It is odd that there are such variations. Even within the Kaiser system, the dressing, the implant, the closure, and even the type of surgery (Kaiser does not advertise everything as being minimally invasive, for example), vary by surgeon.
I am one who probably waited too long to get surgery. Was told in July 2018 that I needed to do it during my off season in summer if this year, based on xrays. Then when May rolled around, I wan’t really in “enough” pain, and cortisone shots were working pretty well, so I didn’t. At the end of July, my cortisone shot Just. Didn’t. Work. Unfortunately, by that time, I was already committed to reach a class through right before Thanksgiving. I was already using a cane on long outings, which progressed to any time I left the house, then by September became all of the time. By October, I could no longer make it through the supermarket, even leaning on a cane.

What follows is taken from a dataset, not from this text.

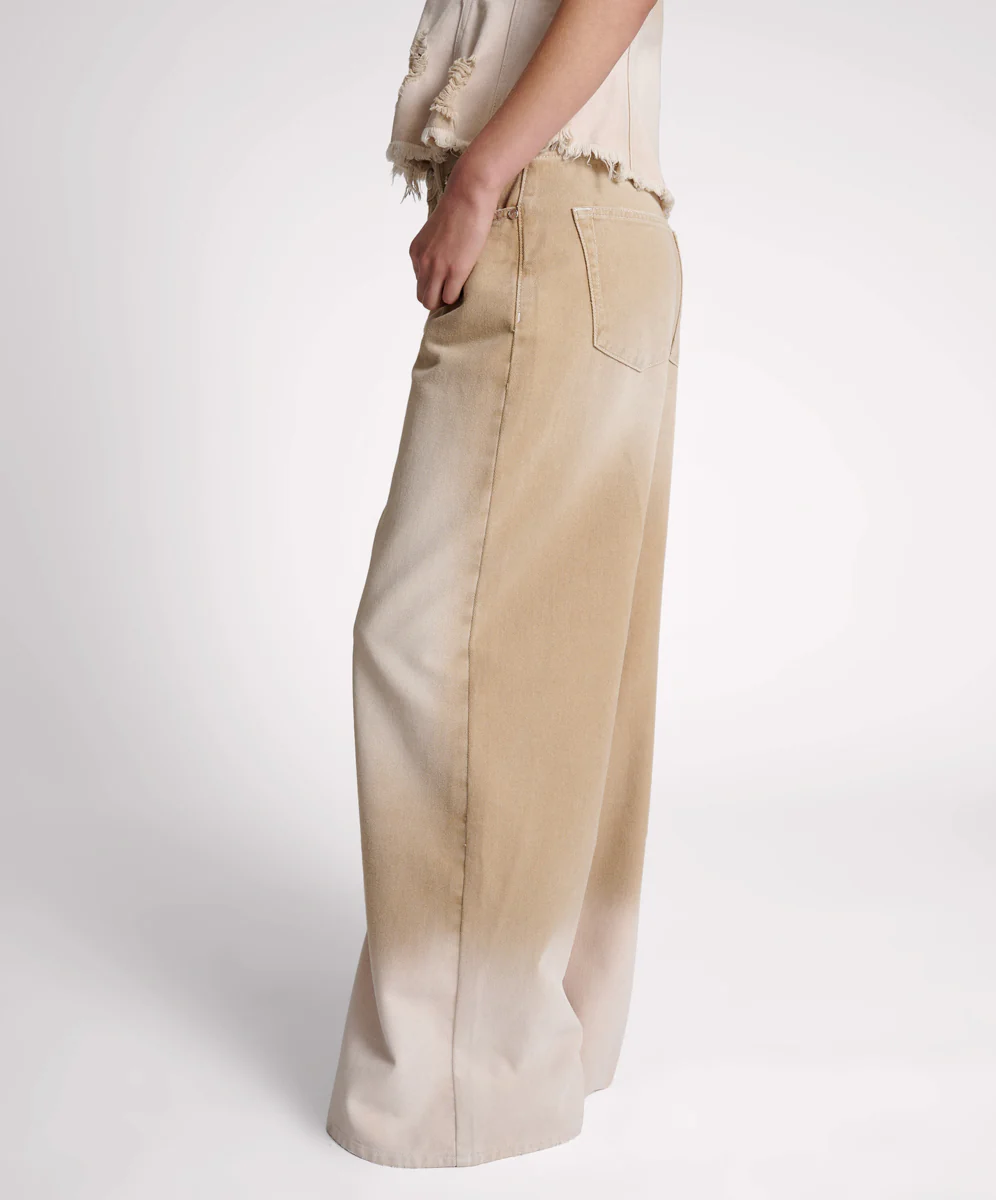 Love Machines Mid Waist Super Wide Leg Denim Jeans - Butterscotch - Image 3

I really wish that I’d either done it in the spring or told my district manager I was not going to be able to teach this year after all, because I will now have only 9 weeks before going back to work (16 hrs/4d/wk) instead of months if I want to work anything resembling a full season (which I do).

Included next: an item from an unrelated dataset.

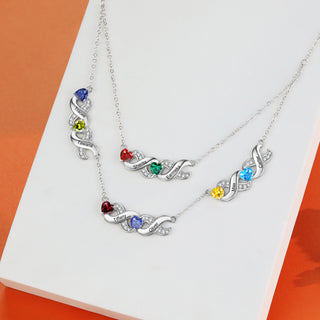 Personalized Birthstone Infinity Layered Necklace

Just my way of saying: putting this off too long can be really bad, and in my case, pretty stupid. I was a fairly athletic 55 year old: 3xweek yoga, 10,000 steps a day, row for an hour on either the boat or the waterrower 3x/week, probably bicycled ~30-40 miles/week just getting around town (we live on a very flat island and our bikes are our primary means of transportation normally unless we have to go off of it.) it’s going to be quite a while before I’m back to that level of activity again, I’m afraid.